TASK TO COMPLETE ▸ Go through the listing below and retype exactly the lines starting at the one with "Stunning NASCAR Outfits: Effortless" and ending at the one with "Realistic Female Character", skipping pictures.

INPUT MATERIAL ▸

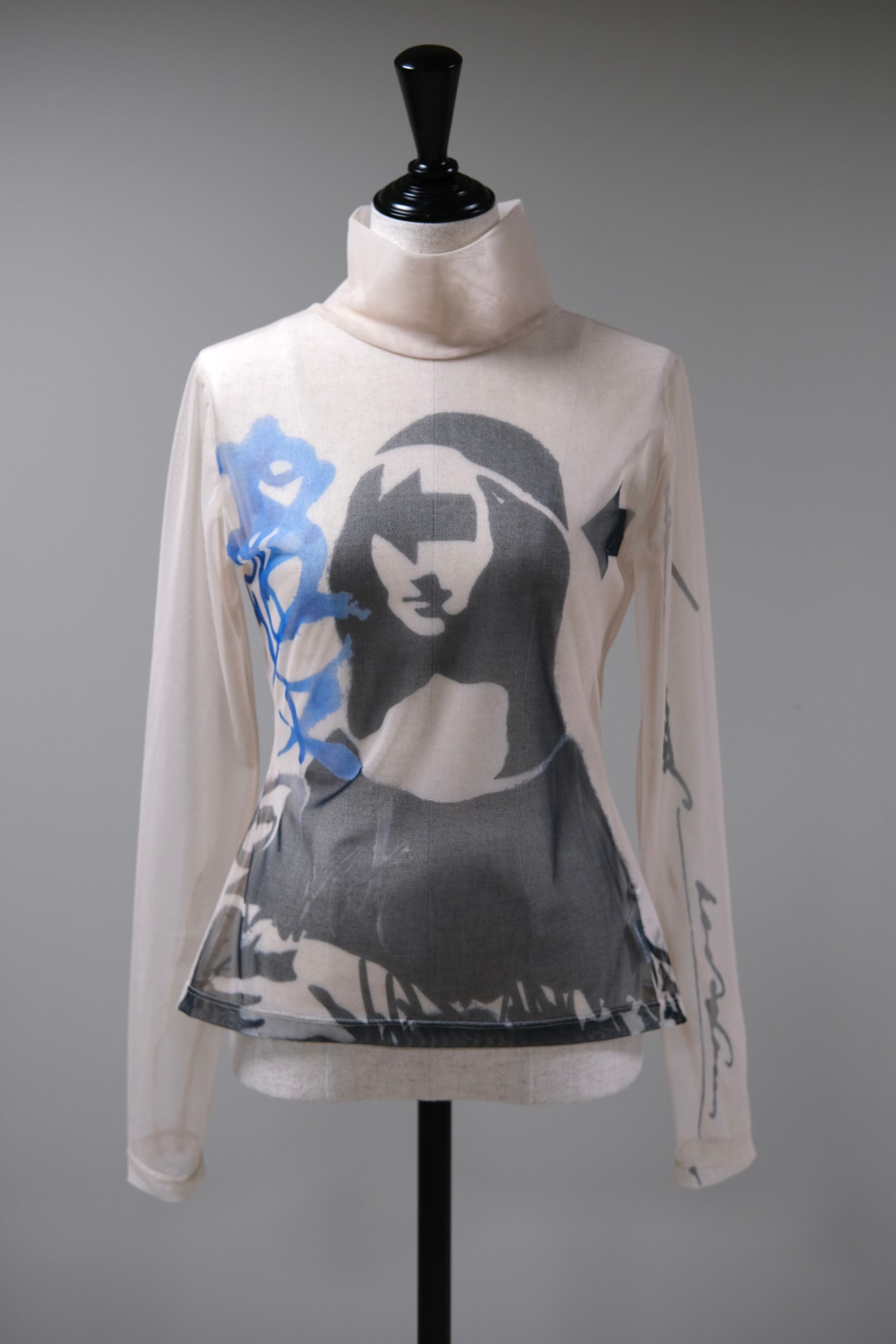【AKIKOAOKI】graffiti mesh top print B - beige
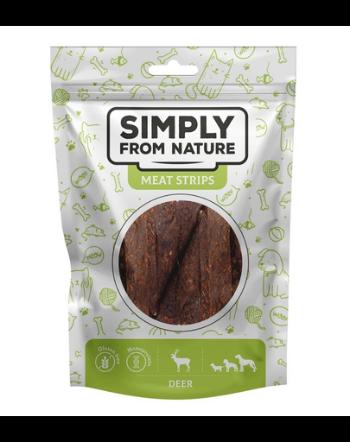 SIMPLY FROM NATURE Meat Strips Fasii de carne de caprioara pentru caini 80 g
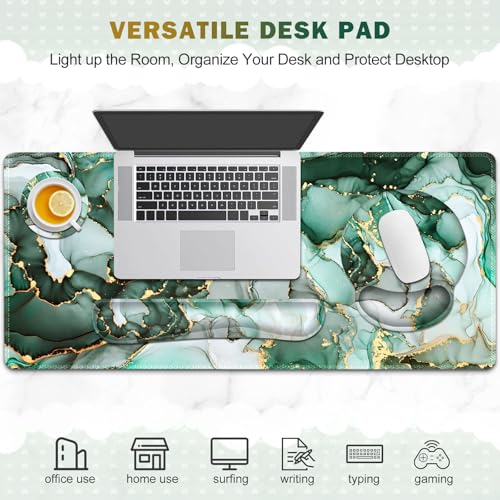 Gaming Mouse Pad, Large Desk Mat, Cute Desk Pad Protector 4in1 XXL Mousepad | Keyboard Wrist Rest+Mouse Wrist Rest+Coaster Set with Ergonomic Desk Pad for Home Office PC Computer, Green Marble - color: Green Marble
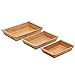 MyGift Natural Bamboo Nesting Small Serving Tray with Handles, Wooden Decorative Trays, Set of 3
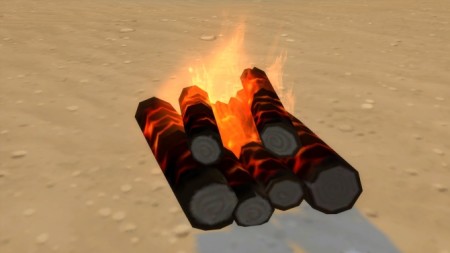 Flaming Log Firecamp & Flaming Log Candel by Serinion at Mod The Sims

==

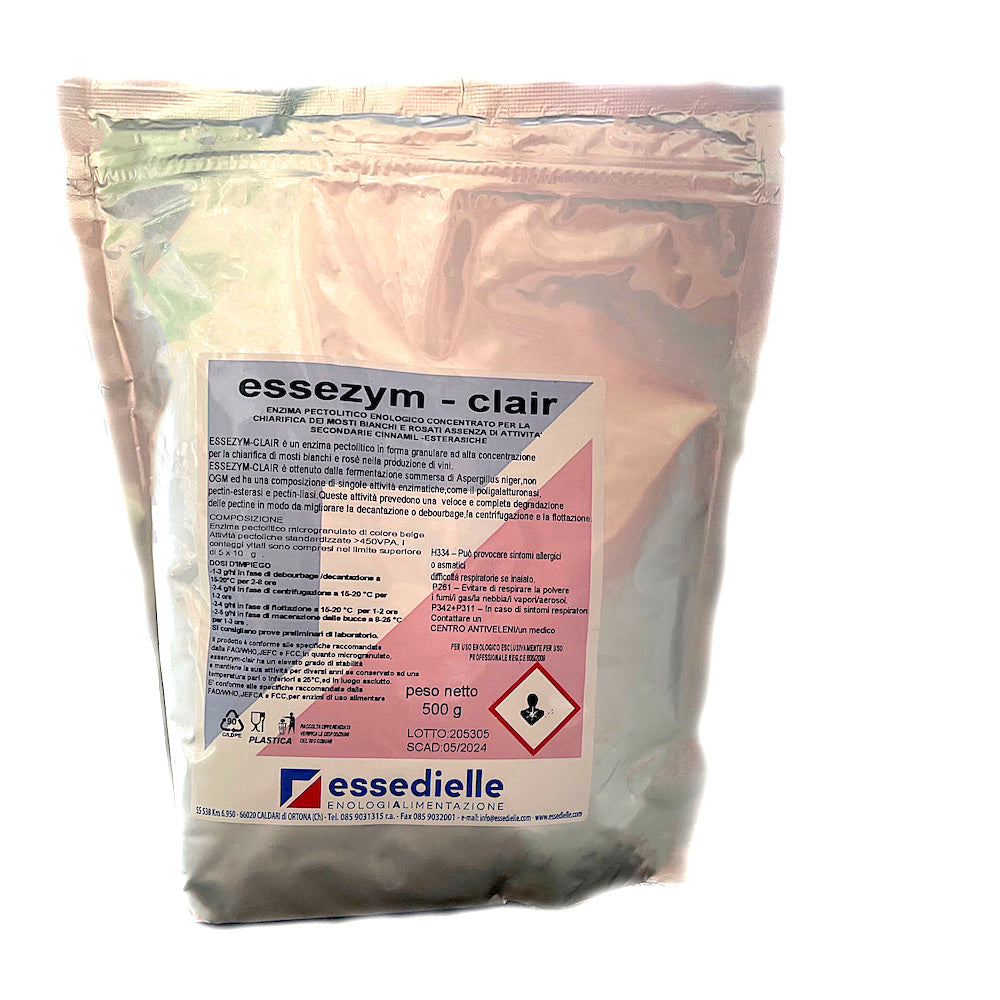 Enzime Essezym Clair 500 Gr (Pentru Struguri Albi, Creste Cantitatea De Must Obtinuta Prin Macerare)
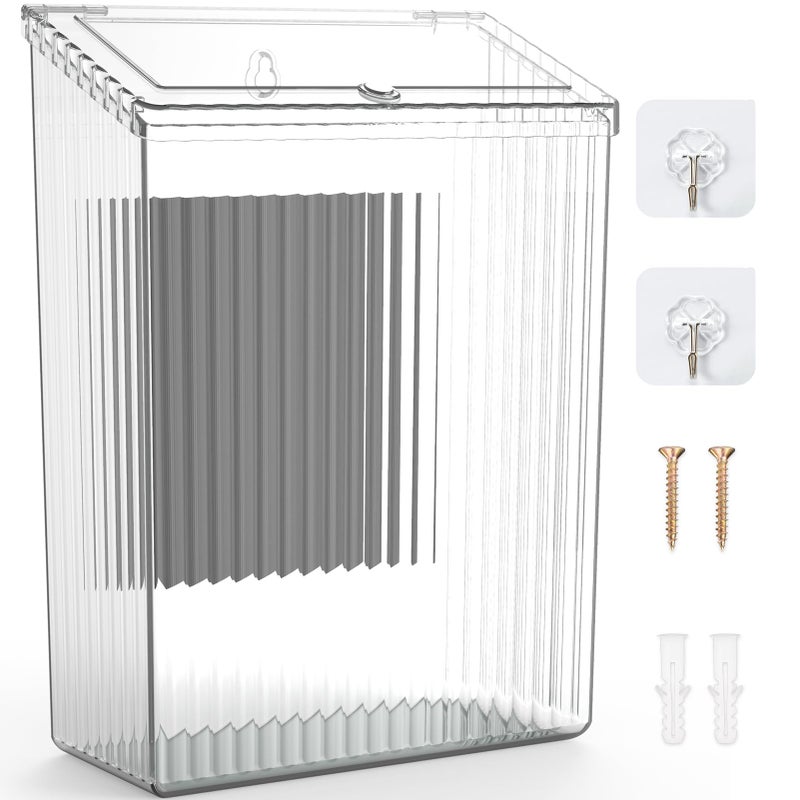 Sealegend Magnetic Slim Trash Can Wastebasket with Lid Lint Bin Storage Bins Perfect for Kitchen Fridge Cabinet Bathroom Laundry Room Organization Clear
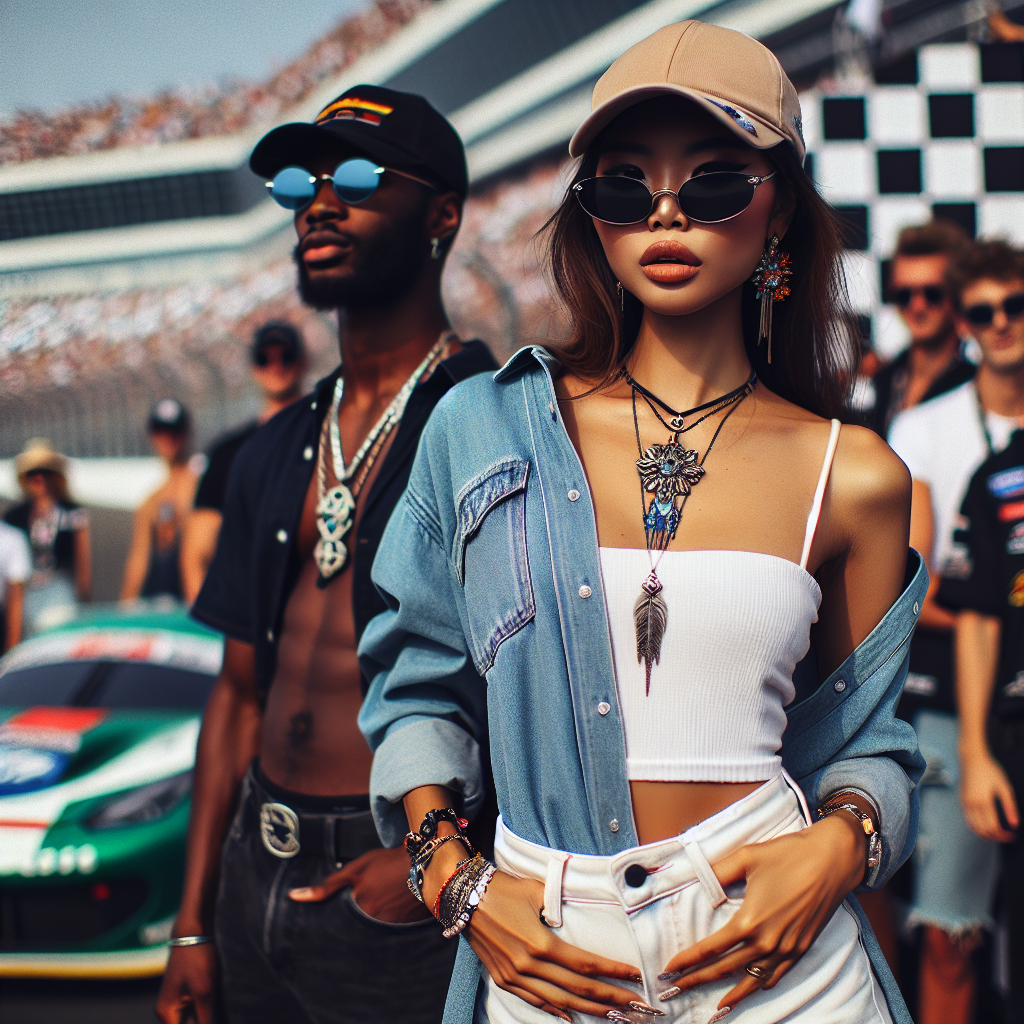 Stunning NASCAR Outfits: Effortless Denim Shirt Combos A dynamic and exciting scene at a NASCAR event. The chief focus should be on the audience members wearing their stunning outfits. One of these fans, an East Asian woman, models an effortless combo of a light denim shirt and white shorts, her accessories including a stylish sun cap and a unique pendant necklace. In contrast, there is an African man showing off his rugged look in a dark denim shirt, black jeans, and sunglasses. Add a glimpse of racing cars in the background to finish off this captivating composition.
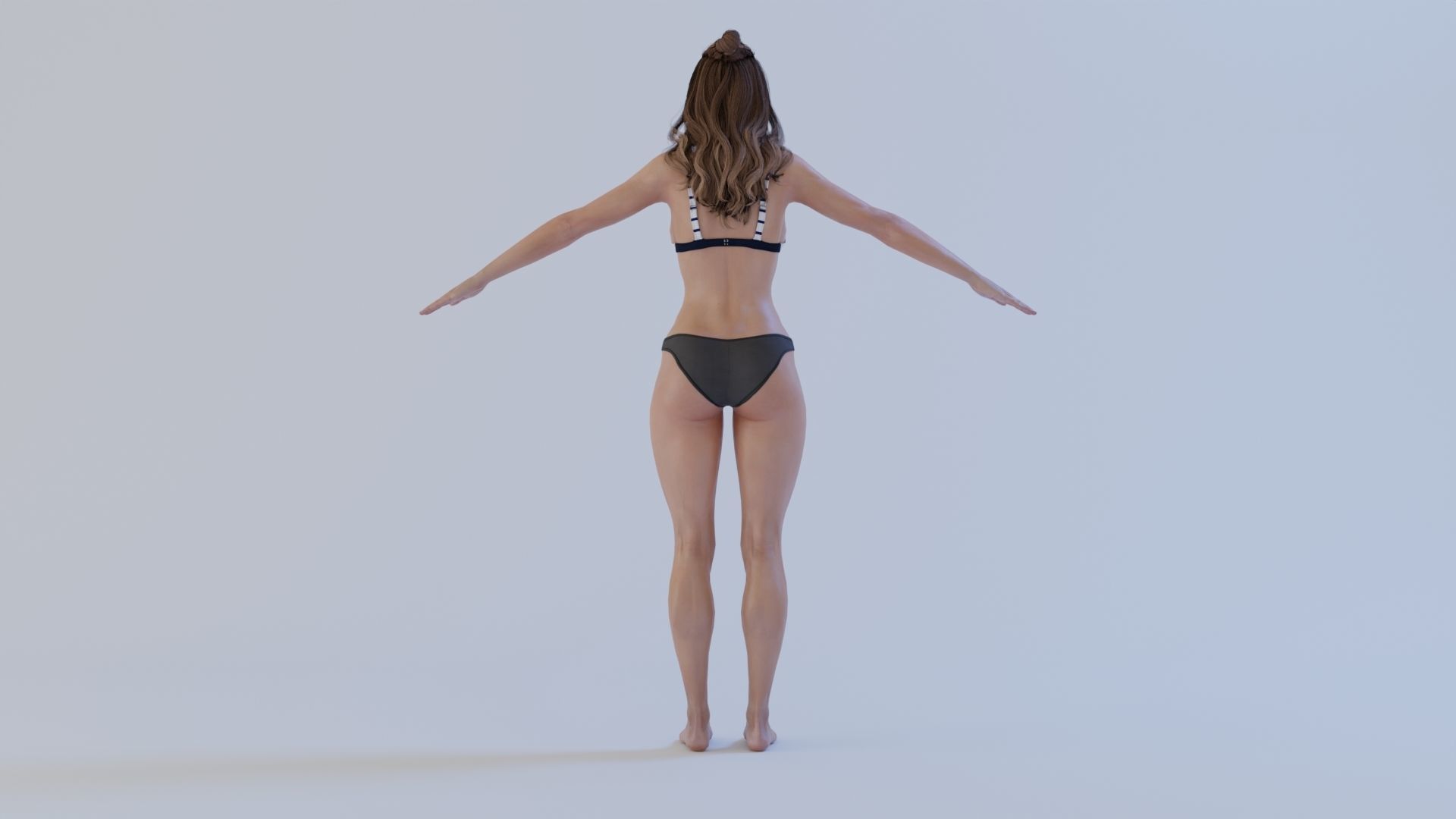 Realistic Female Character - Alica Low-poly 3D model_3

RESPONSE TO THE EXERCISE ▸
 Stunning NASCAR Outfits: Effortless Denim Shirt Combos A dynamic and exciting scene at a NASCAR event. The chief focus should be on the audience members wearing their stunning outfits. One of these fans, an East Asian woman, models an effortless combo of a light denim shirt and white shorts, her accessories including a stylish sun cap and a unique pendant necklace. In contrast, there is an African man showing off his rugged look in a dark denim shirt, black jeans, and sunglasses. Add a glimpse of racing cars in the background to finish off this captivating composition.
 Realistic Female Character - Alica Low-poly 3D model_3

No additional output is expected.